For who: For those interested in studying the Buddhist teachings as well as those who simply wish to learn how to relax, find peace and tranquility. And maybe get some insight and guidance into the big and small questions about life at the same time.
Format: The Buddhist Society was founded in 1924 and was one of the first Buddhist organisations outside Asia. The Buddhist society today is the oldest buddhist organisation in Europe and provides a range of classes, courses and lectures (online and live).
The Buddhist Society offers guidance and instructions in Buddhist traditions, meditation and daily life practice. Some of the weekly classes and mediations are open for all , but if you are interested in deepening your Buddhist knowledge and practice, you are can become a member of the society and pay and annual fee (£40). There are regular classes and weekly meditations offered online in the major Buddhist traditions: Zen, Theravada, Pure Land and Tibetan.
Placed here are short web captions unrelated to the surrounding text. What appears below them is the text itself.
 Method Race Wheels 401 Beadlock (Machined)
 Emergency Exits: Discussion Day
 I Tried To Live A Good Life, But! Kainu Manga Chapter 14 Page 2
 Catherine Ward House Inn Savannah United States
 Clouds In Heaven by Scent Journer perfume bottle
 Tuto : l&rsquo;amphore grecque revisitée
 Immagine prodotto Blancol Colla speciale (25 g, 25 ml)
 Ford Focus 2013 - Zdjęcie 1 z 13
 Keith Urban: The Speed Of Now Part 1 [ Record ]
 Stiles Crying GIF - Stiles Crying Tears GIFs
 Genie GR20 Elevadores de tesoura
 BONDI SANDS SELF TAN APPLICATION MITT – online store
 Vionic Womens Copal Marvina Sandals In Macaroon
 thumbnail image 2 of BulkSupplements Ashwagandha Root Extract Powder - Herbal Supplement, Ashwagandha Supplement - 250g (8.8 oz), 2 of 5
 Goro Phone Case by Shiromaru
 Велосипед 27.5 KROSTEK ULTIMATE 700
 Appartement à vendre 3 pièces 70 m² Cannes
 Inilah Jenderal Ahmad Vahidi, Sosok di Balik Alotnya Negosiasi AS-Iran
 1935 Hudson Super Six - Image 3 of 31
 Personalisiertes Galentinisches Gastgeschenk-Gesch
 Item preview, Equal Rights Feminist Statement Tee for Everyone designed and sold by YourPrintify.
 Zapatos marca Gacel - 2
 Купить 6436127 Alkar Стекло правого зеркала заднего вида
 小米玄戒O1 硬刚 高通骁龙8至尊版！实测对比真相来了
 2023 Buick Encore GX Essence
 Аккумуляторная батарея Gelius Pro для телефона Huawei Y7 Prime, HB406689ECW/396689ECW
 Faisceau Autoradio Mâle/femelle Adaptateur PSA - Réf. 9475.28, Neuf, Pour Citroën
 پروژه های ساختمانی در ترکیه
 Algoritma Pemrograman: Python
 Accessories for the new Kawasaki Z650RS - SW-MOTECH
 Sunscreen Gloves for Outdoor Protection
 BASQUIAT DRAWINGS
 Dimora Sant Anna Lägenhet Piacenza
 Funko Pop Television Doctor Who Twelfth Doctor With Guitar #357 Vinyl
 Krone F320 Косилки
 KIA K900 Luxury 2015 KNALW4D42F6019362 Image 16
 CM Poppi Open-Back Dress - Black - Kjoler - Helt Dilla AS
If you are new to Buddhism you are encouraged to begin with talking the “Introduction to basic Buddhism course”. If you then wish to progress you can attend the ” First Steps in Buddhist Practice”, “First Turning of the Wheel” and “Great Way Courses”.
A personal note… I had always been curious about Buddhism, and last year i decided to attend the “Introduction to Buddhism Course”. It stretched over the course of a week with daily lectures, and I was truly intrigued to learn more by the end of it. I started attending the online sessions, and still do at least once a week.
I have during the past year attended many lectures and practiced different branches of Buddhism. I so appreciate how the teachers share the wisdom and Buddhists teachings in such a pragmatic and reasonable, yet beautiful and moving way. At the end of the sessions you are invited to discuss, share or ask the teacher anything that is on your mind. And in my experience, the answers, are always such insightful suggestions on how to approach life.
The many branches of Buddhism share the same core values and above all the “tool” and approach of meditation as a key component. In the meditations and teachings you are guided into becoming the observer of one’s thoughts. Realising that much of human suffering originates from believing all our thoughts to be true, and from living in the prison of the past, or in fabricated illusions of the future. I find it so profound and deeply moving, the notion that there is a calm abiding essence, a true self, free from the screaming ego, to be rediscovered in each and every one of us.